Lo dimostrano già i numeri dell’affluenza: record d’astensionismo a Milano, dove lo scontro tra i due manager gemelli ha chiamato alle urne solo il 54,6 per cento degli elettori. Meno della media nazionale (62,1) e ben 12,9 punti meno che nel 2011, quando per lo scontro tra Pisapia e Letizia Moratti votò il 67,5 per cento. Sala, con il suo 41,6, è sotto di ben 7,2 punti rispetto al Pisapia del primo turno 2011, quando raccolse il 48,8 per cento, sette punti più di Letizia Moratti (41,5).

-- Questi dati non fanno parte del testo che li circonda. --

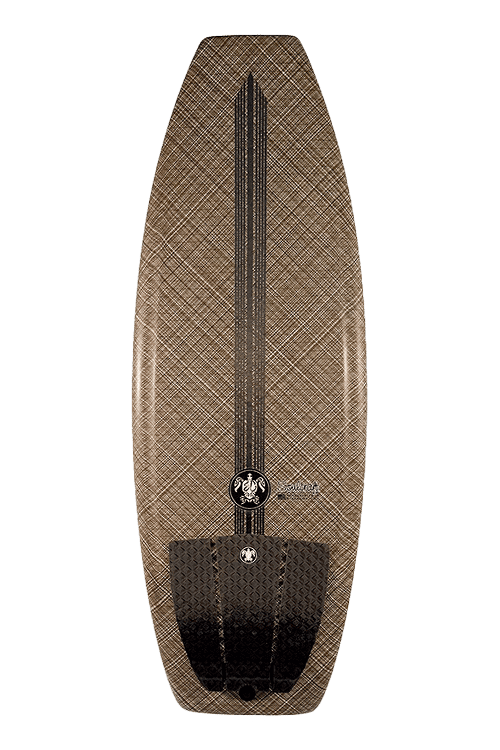 SOULCRAFT Phoenix Cheat Code High Performance Wakesurf Board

Il candidato del Partito della Nazione non ha funzionato e ora rischia di riconsegnare la città al centrodestra.
Il “Modello Milano” che Pisapia avrebbe invece voluto continuare era fatto di unità a sinistra (Sel e Pd alleati) e coinvolgimento dei movimenti civici e personalità senza partito. La candidatura di Mr. Expo ha rotto questo schema, facendo perdere migliaia di voti di sinistra ma anche civici, che sono andati in parte a Basilio Rizzo (3,6 per cento), in parte ai Cinquestelle (balzati a Milano al 10 per cento, dal 3 che avevano raccolto nel 2011), in parte finiti nell’astensione. Il “Modello Pisapia” è stato mantenuto a Cagliari, dove ha funzionato benissimo: Massimo Zedda – che nel dicembre 2015 aveva firmato con Pisapia e con il sindaco di Genova Marco Doria una lettera che invitava all’unità con sinistra e civici – ha vinto addirittura al primo turno. A Milano Renzi e il Pd hanno preferito invece dissolvere quel modello e puntare al Partito della Nazione.
Con un candidato, oltrettutto, fortissimo sulla carta e sui giornali, grazie alla notorietà (e ai soldi) di Expo, ma che si è dimostrato fragile in campagna elettorale, dove è stato surclassato da un Parisi più abile, più empatico, più capace di comunicare, meno smemorato sui case e affari all’estero e ben attento a non farsi schiacciare da Berlusconi e Salvini, che ha tenuto a distanza, continuando a rimarcare la sua autonomia. Forza Italia ha mantenuto qui il 20,2 per cento, un miracolo reso possibile grazie alla faccia rassicurante di Parisi, non a quella di Berlusconi, assente dalla campagna elettorale. La Lega ha conquistato l’11,7 per cento: chi aveva ipotizzato un sorpasso di Salvini su Berlusconi è seccamente smentito. Per il resto, a destra è un disastro: Fratelli d’Italia solo al 2,4 e Milano popolare, la lista di area Ncd capeggiata da Maurizio Lupi, ferma al 3,1. Non bene, soprattutto, la lista Parisi, che doveva dare la marcia in più allo schieramento, anche oltre i confini del centrodestra, ma si è fermata al 3 per cento.
A sinistra, bene il Pd (28,9 per cento) e la lista Sala (7,6). Quello che è mancato a Mr. Expo è l’apporto della componente “arancione”: è stato un fallimento – del tutto prevedibile – la lista Sinistra x Milano guidata da Daria Colombo (3,8), che si è verniciata d’arancione per tentare, invano, di recuperare Sel e quell’ala civica che aveva determinato il successo di Pisapia nel 2011. Un altro brutto segnale per il Pd, a Milano viene dalle elezioni per i municipi, gli ex consigli di zona. Erano tutti e nove a maggioranza di centrosinistra, ora sono cinque a quattro del centrodestra.
Adesso tutti gli occhi puntati al ballottaggio. “Chiederò il voto a tutti coloro che vogliono cambiare Milano”, dichiara Parisi, “anche a radicali e Cinquestelle. Non ci sono più le barriere destra-sinistra, quello che conta è la voglia di cambiare la città”.